Chapter 14: Developing Pricing Strategies and Programs
What is the six-step procedure most firms use to set their pricing policy?
The first step is to select the pricing objective. Next, the company must determine demand. After determining demand the company must estimate its costs. The fourth step is to analyze competitors' costs, prices, and offers. Next is to select a pricing method. The sixth and last step is to select the final price.


Explain the difference between everyday low pricing (EDLP) and high-low pricing. When would each of these methods be used?

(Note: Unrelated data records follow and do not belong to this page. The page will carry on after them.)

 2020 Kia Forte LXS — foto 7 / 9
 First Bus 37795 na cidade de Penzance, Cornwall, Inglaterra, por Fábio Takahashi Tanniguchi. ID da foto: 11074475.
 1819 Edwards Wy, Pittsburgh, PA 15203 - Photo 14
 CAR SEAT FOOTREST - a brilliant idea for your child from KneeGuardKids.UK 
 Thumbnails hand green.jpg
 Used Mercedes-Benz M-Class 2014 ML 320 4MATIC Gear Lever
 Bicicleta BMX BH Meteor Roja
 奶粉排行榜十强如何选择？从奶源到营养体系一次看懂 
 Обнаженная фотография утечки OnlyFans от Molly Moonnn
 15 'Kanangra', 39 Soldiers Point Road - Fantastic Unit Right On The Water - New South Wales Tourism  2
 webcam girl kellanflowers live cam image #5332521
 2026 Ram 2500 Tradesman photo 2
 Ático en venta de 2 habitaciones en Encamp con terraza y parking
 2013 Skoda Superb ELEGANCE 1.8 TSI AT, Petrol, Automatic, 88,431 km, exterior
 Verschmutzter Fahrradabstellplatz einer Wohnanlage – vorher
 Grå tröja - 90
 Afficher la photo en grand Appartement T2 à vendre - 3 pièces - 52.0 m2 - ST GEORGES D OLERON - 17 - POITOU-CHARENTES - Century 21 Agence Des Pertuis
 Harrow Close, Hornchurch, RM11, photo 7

A retailer using an EDLP pricing policy charges a constant low price with little or no promotions or sales. This strategy provides constant prices for consumers and can lead to lower perceived prices by consumers over time. In high-low pricing, the retailer charges higher prices on an everyday basis but then runs frequent promotions in which prices are temporarily lowered below the EDLP level.
What five major objectives might a company pursue through pricing? Explain each of these.
A company can pursue any of the following five major objectives through pricing: survival, maximum current profit, maximum market share, market skimming, or product-quality leadership. The first objective, survival, is a short-run objective to cover variable costs and some fixed costs. To maximize current profits the company must estimate demand and costs with various prices and choose the price that produces maximum current profits. To maximize market share the company sets the lowest price it can, assuming a price sensitive market. In market-skimming pricing, companies set high prices when introducing new high-tech products. Finally, with product-quality leadership pricing prices are set to imply a high level of quality.
Describe the various pricing techniques known as promotional pricing that can be used to stimulate early purchase.
Companies can use several pricing techniques to stimulate early purchases.
Loss-leader pricing is used by retailers to stimulate store traffic by dropping the prices of well-known brands.
Special-event pricing is used in certain seasons to draw in more customers.
Cash rebates encourage the purchase of the manufacturers' products within a specified time period.
Low-interest financing is also used to attract customers with low interest rates. Monthly payments can be reduced by offering buyers longer payment terms. Companies can add free or low-cash warranties and service contracts.
And finally, psychological discounting can be used by setting an artificially high price and then offering the product at a substantial saving.